First, if there is significant excess kurtosis (and there often is!) then your data are not normally distributed. End of story. Sample size is irrelevant. Either the data are normally distributed or not normally distributed, and significant excess kurtosis (or significant skewness) is enough to reject normality. So, answer (b) is correct.
Second, the Student-t test of the mean is built on three assumptions: your data are normally distributed, your data are statistically independent of each other, and your data are identically distributed. I can prove, however, using some probability theorems and two pages of detailed algebra, that if you have a large enough sample, say over 200, then the first assumption is no longer needed, as long as the other two assumptions hold. That is, even if your data are not normally distributed, you can still compare your calculated Student-t statistic for the mean to the Student-t tables.

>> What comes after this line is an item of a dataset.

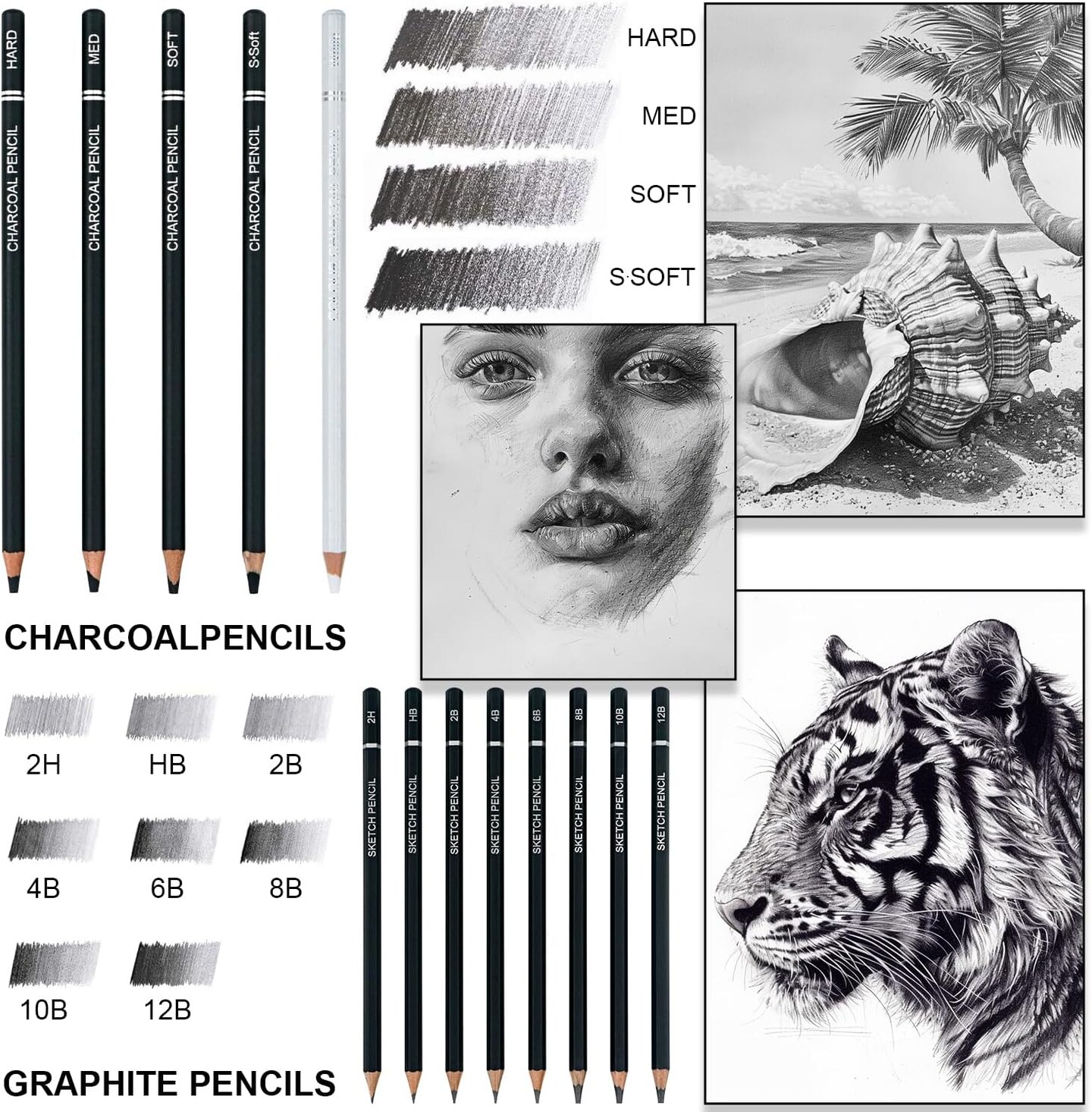 Charcoal Pencils for Drawing, Set of 22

Note that in neither of the above cases does anything happen that makes the data normally distributed. So, answer (d) is not correct, although the second half of the sentence in answer (d) is correct in the case of a Student-t test of the mean, which is not mentioned anywhere in the question.
Let me add one other comment. In the case where the sample size is large, the Student-t random variable behaves like a standard normal random variable. So, when conducting a t-test in a large sample, you can just compare your test statistic to Z (i.e., standard normal) tables.

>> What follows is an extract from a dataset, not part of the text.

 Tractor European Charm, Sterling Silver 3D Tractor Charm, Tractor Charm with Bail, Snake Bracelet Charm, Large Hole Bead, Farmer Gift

- Q46 (see also Q23) You can almost always reject normality of returns for stocks (because of fat tails and peakedness in the distribution, relative to the shape of a normal distribution with the same mean and variance). So, we are looking for a number at the high end of the scale. Answer (a) says "most if not all, say nine or 10" and is the BEST answer here, though in the Otago University FINC302 2020 dataset, my students rejected normality in 100% of their stocks. Q53 was about mean blur, but Q46 is about non-normality, and especially kurtosis. My students tested for normality in 2020 using 21 stocks and rejected normality for every one of the 21 stocks. The rejections were very strong, and driven mostly by excess kurtosis (i.e., peakedness and fat tails relative to a normal distribution with the same mean and variance). This is a standard result in finance. We very often reject normality of returns. So, the answer must be (a), we will reject normality for most, if not all, of them. Figure 1.16 on p. 71 of FFSI is a nice illustration of this; keep in mind, however, that I truncated this figure. That is, although you can see the peak near zero (caused by lots of small returns during calm periods) the figure actually extends to about 11% or 12% on the right-hand side and to -20% on the left-hand side (i.e., fat tails with extreme events).

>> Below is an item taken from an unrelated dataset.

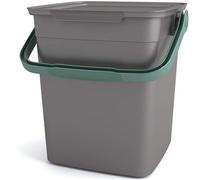 Poubelle de compostage Unyqoos® de 9 litres – bac de compostage élégant pour la cuisine, avec ouverture inférieure, gris/vert, verrouillage de sécurité et poignée de transport, dimensions : 25,5 x 23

- Q47 I use the approximation formula Equation 1.44. I get t=rho/(1/sqrt(N))=0.0668/(1/sqrt(504))=1.4996. That leads me to answer (b).
- Q51 This ties in with discussion of correlation and prediction on p. 80 of FFSI "Correlation Example with Actual Stock Prices". The short answer is that you can predict prices really well using lagged prices (so, b = 1, roughly), but that's not where the money is. You cannot predict returns easily at all (so, d = 0, roughly), and that is where the money is.
- Q53 is about mean blur. Out of every 10 stocks there are usually only "a few" for which the mean return is significant, given the high variability. Note also that this is about the first and second moments (mean and variance) and has little or nothing to do with the third or fourth moments (skewness and kurtosis).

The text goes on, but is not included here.